## WHAT YOU WILL DO:
Leaving pictures aside, set down each line exactly, from the first line of the data to the line with "Now we will", both included.

- - - - -

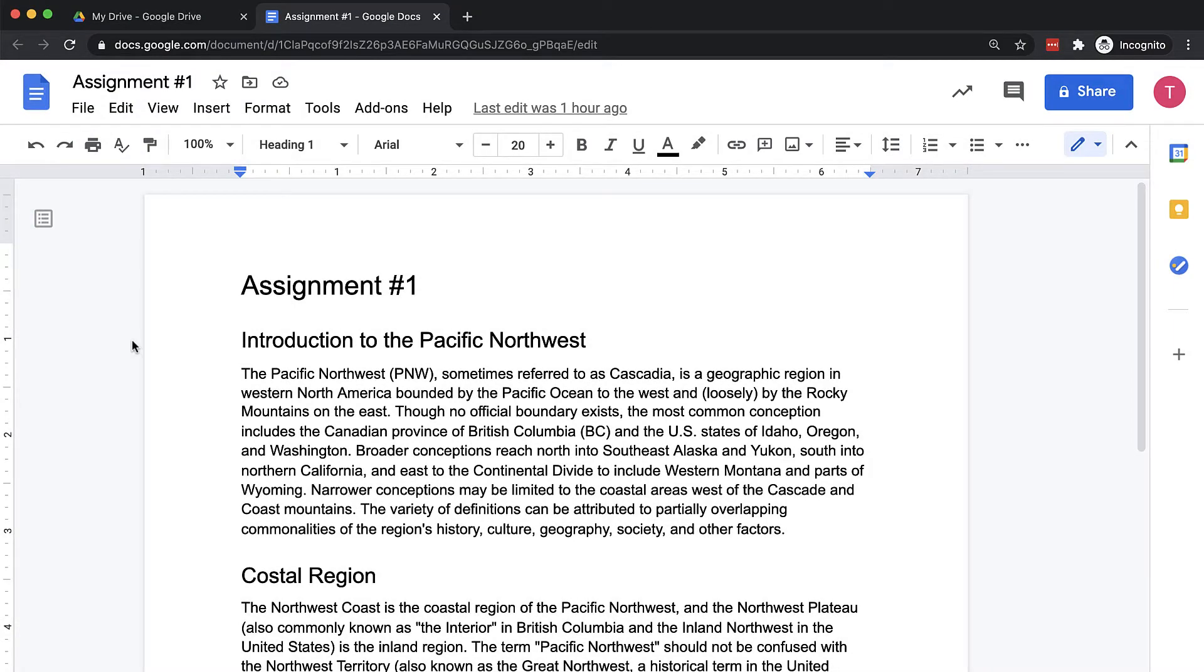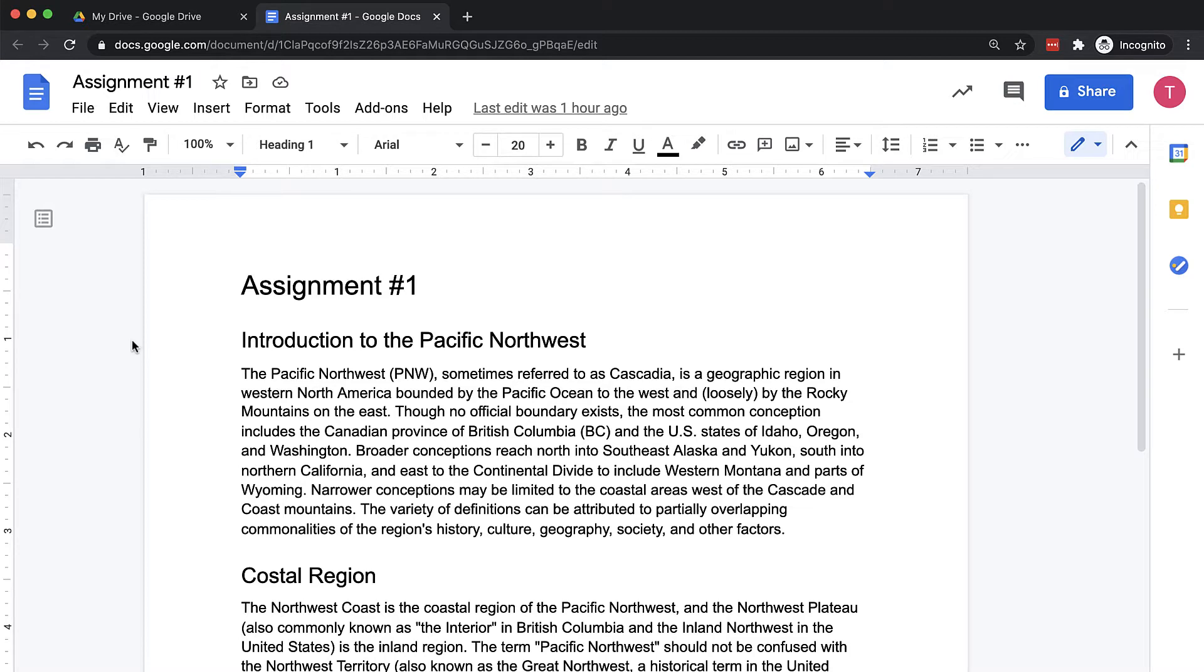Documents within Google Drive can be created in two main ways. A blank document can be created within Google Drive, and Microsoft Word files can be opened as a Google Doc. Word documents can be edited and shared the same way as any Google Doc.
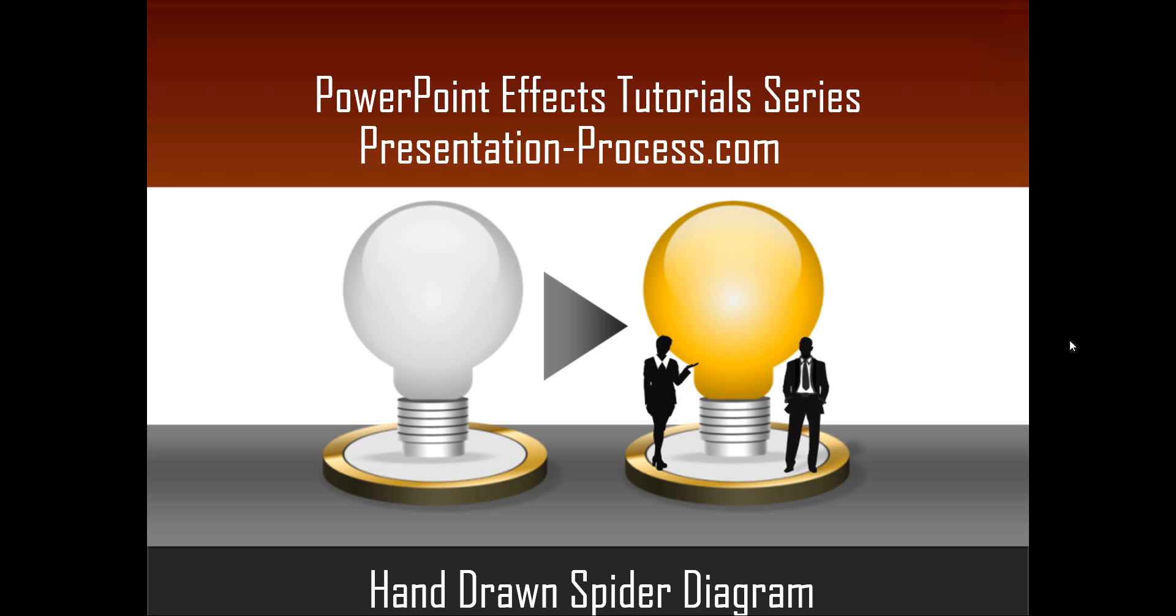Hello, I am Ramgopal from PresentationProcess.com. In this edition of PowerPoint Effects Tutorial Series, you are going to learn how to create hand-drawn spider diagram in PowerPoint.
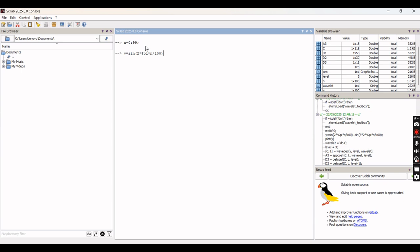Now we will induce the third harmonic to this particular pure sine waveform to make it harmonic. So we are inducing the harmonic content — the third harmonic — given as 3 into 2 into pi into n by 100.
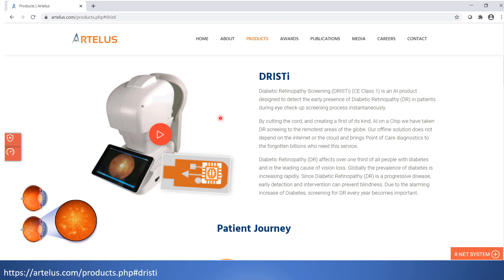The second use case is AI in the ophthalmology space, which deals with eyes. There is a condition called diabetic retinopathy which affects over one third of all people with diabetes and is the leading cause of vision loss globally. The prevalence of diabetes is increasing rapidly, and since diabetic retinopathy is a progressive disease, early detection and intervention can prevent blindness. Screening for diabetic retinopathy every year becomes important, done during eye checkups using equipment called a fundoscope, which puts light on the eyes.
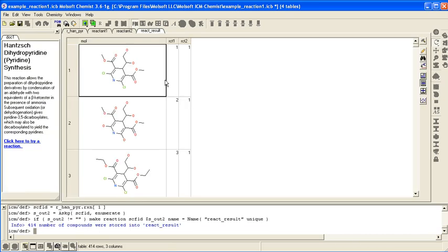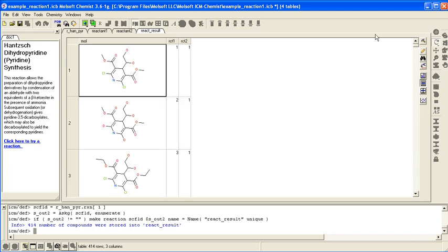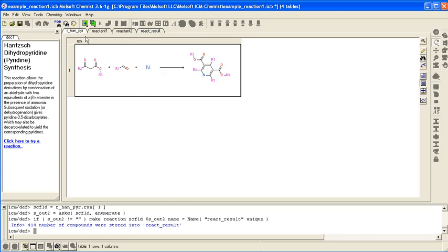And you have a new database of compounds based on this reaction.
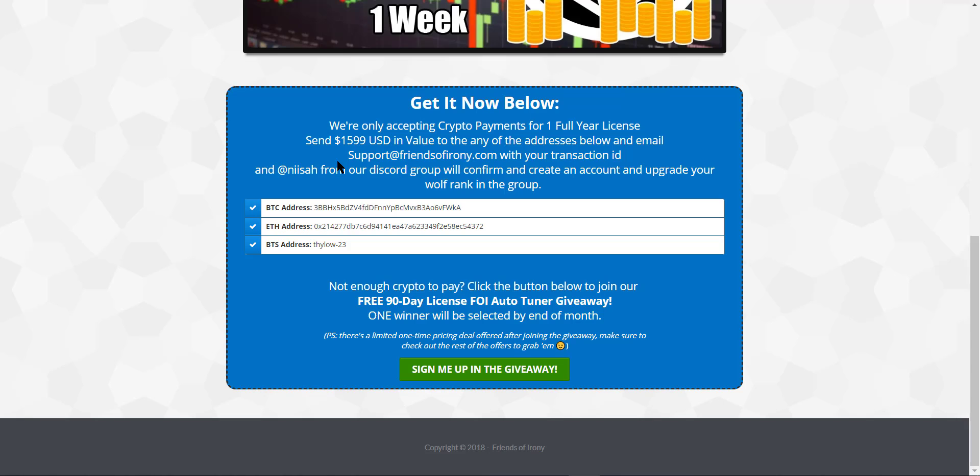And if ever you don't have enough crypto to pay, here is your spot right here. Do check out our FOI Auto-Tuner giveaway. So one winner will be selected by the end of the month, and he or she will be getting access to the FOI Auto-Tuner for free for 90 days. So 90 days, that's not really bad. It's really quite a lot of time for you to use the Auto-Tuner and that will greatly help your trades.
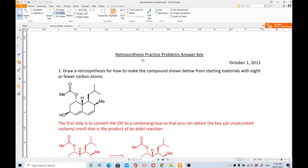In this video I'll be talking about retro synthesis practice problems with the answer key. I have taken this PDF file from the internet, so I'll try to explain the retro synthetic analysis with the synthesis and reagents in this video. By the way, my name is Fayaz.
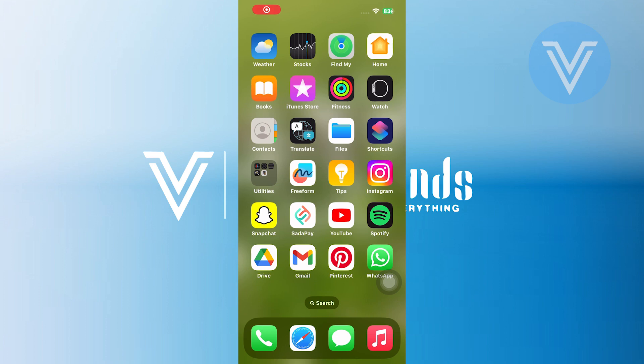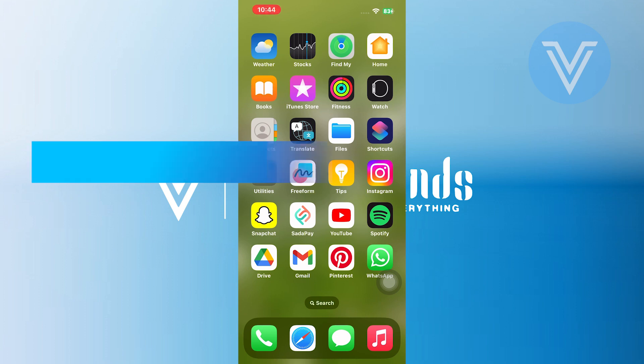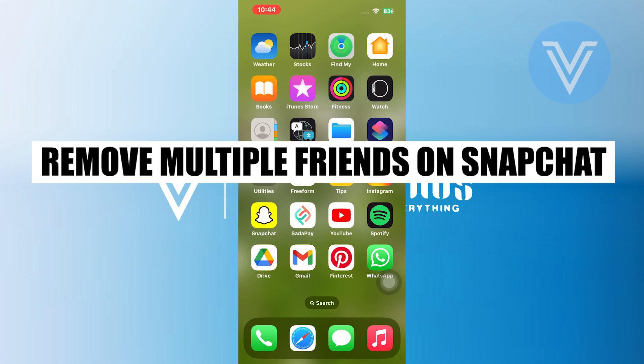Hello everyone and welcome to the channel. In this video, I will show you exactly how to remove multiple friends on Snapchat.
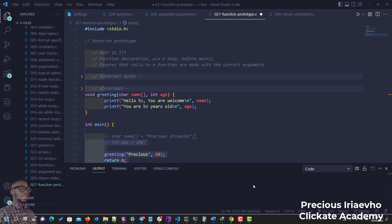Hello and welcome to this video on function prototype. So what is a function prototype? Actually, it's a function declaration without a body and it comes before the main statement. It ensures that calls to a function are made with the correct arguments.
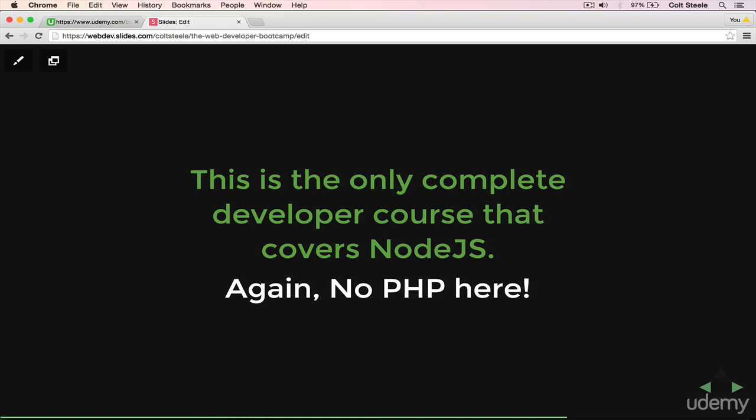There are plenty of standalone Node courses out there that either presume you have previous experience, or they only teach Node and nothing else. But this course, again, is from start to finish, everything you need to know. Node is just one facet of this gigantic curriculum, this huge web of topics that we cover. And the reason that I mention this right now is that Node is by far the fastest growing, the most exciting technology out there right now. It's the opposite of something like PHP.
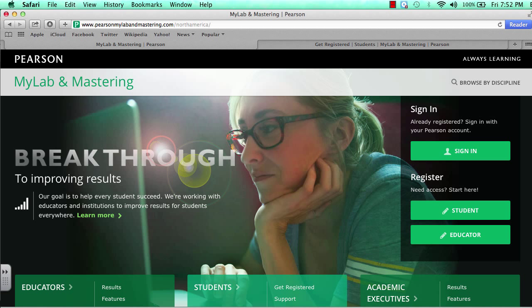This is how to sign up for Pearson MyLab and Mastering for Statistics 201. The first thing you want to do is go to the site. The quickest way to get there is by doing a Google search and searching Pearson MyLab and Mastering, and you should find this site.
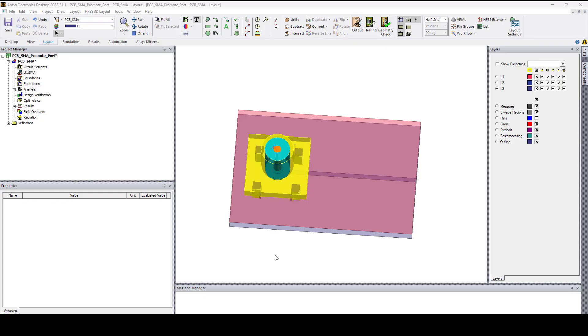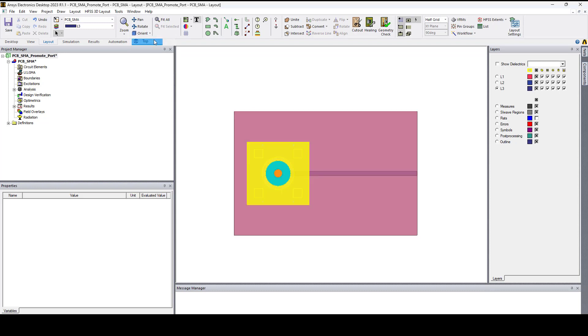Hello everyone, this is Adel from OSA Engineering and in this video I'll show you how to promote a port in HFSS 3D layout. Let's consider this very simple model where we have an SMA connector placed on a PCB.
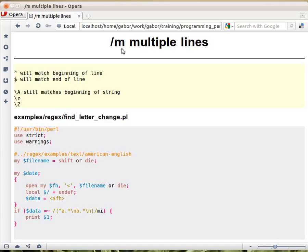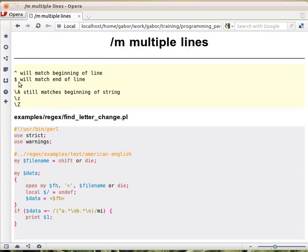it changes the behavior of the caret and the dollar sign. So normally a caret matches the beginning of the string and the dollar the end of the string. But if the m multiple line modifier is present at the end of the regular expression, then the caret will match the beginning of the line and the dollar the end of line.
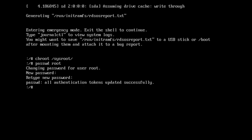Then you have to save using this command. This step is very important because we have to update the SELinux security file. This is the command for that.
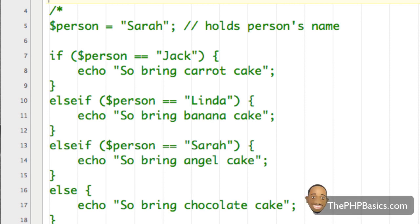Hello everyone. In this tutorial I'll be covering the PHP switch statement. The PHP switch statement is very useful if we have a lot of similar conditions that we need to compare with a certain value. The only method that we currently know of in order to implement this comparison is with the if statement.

- - - - -

## SOLVED PROBLEM:
Documents within Google Drive can be created in two main ways. A blank document can be created within Google Drive, and Microsoft Word files can be opened as a Google Doc. Word documents can be edited and shared the same way as any Google Doc.
Hello, I am Ramgopal from PresentationProcess.com. In this edition of PowerPoint Effects Tutorial Series, you are going to learn how to create hand-drawn spider diagram in PowerPoint.
Now we will induce the third harmonic to this particular pure sine waveform to make it harmonic. So we are inducing the harmonic content — the third harmonic — given as 3 into 2 into pi into n by 100.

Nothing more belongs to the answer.